• **Assignment**:
After finding the line that contains "this 640×360 image." in the entries below, retype it and every following line precisely, the last included.

(Stored items)
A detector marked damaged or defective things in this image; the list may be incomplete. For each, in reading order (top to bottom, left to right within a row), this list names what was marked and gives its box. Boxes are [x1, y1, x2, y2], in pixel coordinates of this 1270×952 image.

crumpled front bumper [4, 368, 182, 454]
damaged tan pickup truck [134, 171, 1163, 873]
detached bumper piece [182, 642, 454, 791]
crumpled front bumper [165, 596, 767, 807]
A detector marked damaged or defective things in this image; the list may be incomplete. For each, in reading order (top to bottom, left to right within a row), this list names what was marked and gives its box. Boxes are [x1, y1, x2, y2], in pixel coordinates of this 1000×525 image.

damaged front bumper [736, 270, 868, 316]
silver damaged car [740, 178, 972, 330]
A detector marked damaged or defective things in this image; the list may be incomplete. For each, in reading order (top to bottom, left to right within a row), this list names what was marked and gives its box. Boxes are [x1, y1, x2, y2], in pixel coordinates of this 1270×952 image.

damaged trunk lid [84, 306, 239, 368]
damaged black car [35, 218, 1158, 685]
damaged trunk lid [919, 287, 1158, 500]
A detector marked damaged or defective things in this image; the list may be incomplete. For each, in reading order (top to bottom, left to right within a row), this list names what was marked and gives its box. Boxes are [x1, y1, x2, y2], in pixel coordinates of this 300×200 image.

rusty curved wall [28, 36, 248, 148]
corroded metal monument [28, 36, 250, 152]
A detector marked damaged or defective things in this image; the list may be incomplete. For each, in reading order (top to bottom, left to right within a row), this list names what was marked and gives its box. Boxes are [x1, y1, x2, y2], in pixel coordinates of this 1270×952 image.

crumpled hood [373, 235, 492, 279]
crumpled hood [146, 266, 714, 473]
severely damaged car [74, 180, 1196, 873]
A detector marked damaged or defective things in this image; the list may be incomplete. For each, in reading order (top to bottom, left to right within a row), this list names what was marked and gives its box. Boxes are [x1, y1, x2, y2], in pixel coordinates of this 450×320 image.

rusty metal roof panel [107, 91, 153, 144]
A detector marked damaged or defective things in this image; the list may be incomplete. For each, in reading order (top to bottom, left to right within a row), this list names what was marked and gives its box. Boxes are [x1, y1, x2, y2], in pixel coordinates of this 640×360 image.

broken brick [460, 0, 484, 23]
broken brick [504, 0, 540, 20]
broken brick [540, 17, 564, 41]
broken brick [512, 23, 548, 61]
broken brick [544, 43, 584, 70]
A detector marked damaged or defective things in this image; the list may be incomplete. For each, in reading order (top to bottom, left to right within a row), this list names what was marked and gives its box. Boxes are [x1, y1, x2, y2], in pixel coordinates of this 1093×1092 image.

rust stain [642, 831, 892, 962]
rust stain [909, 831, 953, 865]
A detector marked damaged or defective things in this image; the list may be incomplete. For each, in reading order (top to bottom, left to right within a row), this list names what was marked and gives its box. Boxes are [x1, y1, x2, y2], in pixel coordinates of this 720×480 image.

• **Response**:
A detector marked damaged or defective things in this image; the list may be incomplete. For each, in reading order (top to bottom, left to right within a row), this list names what was marked and gives its box. Boxes are [x1, y1, x2, y2], in pixel coordinates of this 640×360 image.

broken brick [460, 0, 484, 23]
broken brick [504, 0, 540, 20]
broken brick [540, 17, 564, 41]
broken brick [512, 23, 548, 61]
broken brick [544, 43, 584, 70]
A detector marked damaged or defective things in this image; the list may be incomplete. For each, in reading order (top to bottom, left to right within a row), this list names what was marked and gives its box. Boxes are [x1, y1, x2, y2], in pixel coordinates of this 1093×1092 image.

rust stain [642, 831, 892, 962]
rust stain [909, 831, 953, 865]
A detector marked damaged or defective things in this image; the list may be incomplete. For each, in reading order (top to bottom, left to right within a row), this list names what was marked and gives its box. Boxes are [x1, y1, x2, y2], in pixel coordinates of this 720×480 image.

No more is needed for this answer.